Nun wütet eine Pandemie, und das Versagen der Entscheider dagegen und die gesellschaftliche Krise nimmt mehr und mehr Fahrt auf. Die Menschen dürsten nach Hoffnung, nach empathischen Worten mit Inhalt, nach Entscheidungskonzepten. Es passiert wenig. Es brennt überall. In den letzten Monaten hat Steinmeier dagegen einen Zusammenhalt der Gesellschaft gesehen. Eine Spaltung sah er nicht. Und wenn gespaltet würde, dann von anderen, so das Staatsoberhaupt.
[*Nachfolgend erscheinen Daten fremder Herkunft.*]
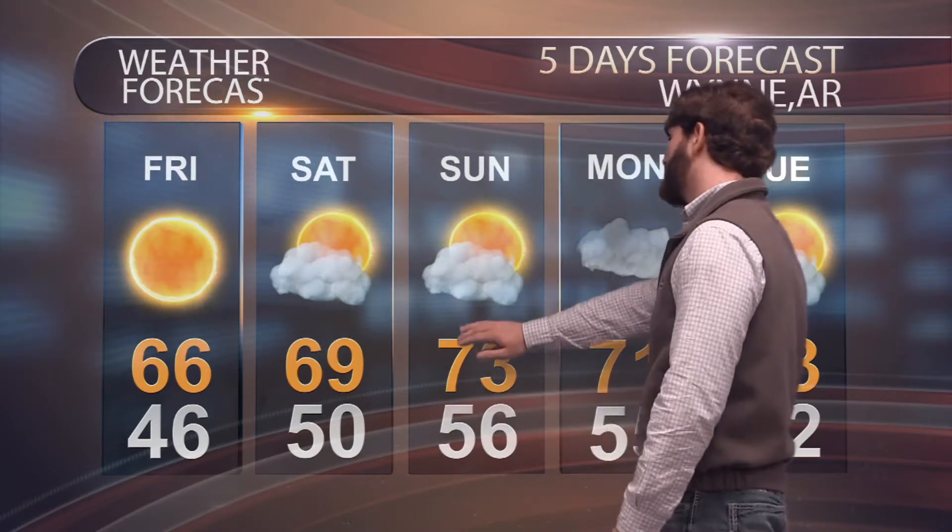Friday today with a high of 66 and a low of 46. Saturday with a high of 69 and a low of 50. Sunday with a high of 73 and a low of 56. Moving on to next week — Monday with a high of 71 and a low of 55, and Tuesday with a high of 73 and a low of 52. That is all for our five-day weather forecast.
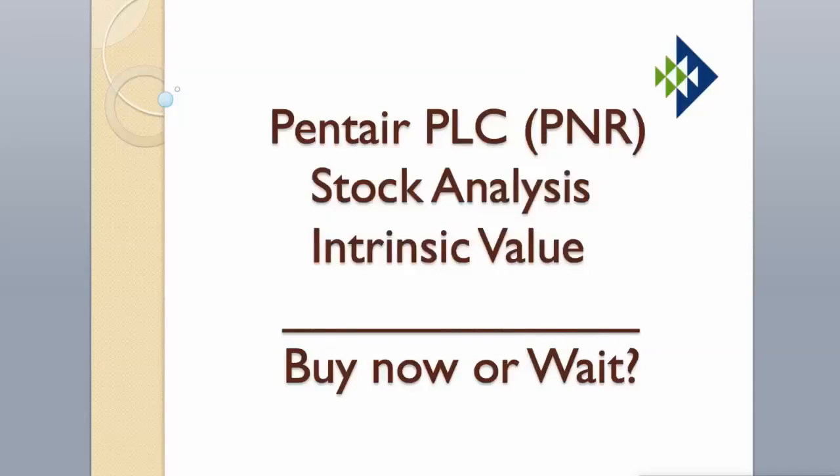Hi guys! Today we will analyze Pentair stock and calculate its intrinsic value using two different valuation models. Enjoy! Hit the like button and subscribe to my channel if you want to see more videos like this.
Die Steinmeierische Beschreibung und Bewertung der „Spalter“ sorgt als weiteres Mosaiksteinchen Berliner Politik dafür, dass die Gesellschaft tatsächlich mehr und mehr Risse bekommt. Der weise Präsident mit den weißen Haaren gesteht das nicht ein, ebenso nicht, dass die Spaltung schon unter seiner Regie in Teamarbeit mit Schröder und Co. sowie den Koalitionspartnern seinen Lauf nahm. Wer also ist ein Spalter? Oder besser, wer hat ein Interesse an dem verfestigten Oben und Unten im Land, an den bestehenden Verhältnissen, der Machtverteilung usw.? Steinmeier schweigt dazu, macht damit seinen Job sehr gut, er dient, allein nicht dem Volk.
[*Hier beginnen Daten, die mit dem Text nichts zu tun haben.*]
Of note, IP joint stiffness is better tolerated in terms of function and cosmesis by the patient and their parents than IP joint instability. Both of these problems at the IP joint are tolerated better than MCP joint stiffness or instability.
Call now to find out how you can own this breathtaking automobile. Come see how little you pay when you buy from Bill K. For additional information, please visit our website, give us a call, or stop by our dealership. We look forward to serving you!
Es folgt? Das Volk wendet sich ab, von den führenden Politikern, von ihren Entscheidungen, vom ausführenden Apparat, dem Steinmeier als stabile Größe ganz ohne Experiment angehört. Warum? Es hat nichts mit der von Steinmeier fabulierten Ohnmacht zu tun, dass „…die positiven Entscheidungen, die man fällt, auch in anderen Teilen der Gesellschaft negative Auswirkungen haben. Das kann man gar nicht verhindern…“ (aus dem ZDF-Interview 2019). Es hat damit zu tun, dass Vertrauen in den Staat, in seine Vertreter, in die großen Medien und in die Wirtschaft nicht mehr entsteht und auch nicht gerechtfertigt ist, weil deren Akteure allein ihre Interessen und nicht die der vielen Menschen, auch Volk genannt, durchdrücken, Tag für Tag, Jahr für Jahr. Steinmeier weiß es, er gibt das nicht zu, fordert stattdessen Gehorsam und Respekt. Und ist selbst respektlos wie die Eliten. Die Würde des Menschen ist unantastbar, dem Frank-Walter war das die vergangenen zwei Jahre Pandemie als Repräsentant aller Deutschen eher egal. Keine seiner Reden war legendär. Langweilig, abgehoben, steif und clever zugleich thront er also mit Frau im schönsten Haus an der Spree und macht seinen Elitejob für die Eliten weiterhin gut. Für das Volk eher nicht. Das wählt(e) ihn ja auch nicht. So klingt das trotzig freche Lied von Ina Deter in den Ohren wie ein Wunsch, der ein Wunsch bleibt: „Neue Männer braucht das Land.“ Doch nur mal angenommen, man wählte den Arzt Gerhard Trabert. Dieser Präsident kommt von der Basis, er kennt die Sorgen und Nöte, die Probleme, die Wünsche der Menschen „da draußen“. Und er hätte Ideen, weiß Ansätze der Verbesserung der bestehenden gesellschaftlichen Verhältnisse. Er wäre ein würdiger Vertreter.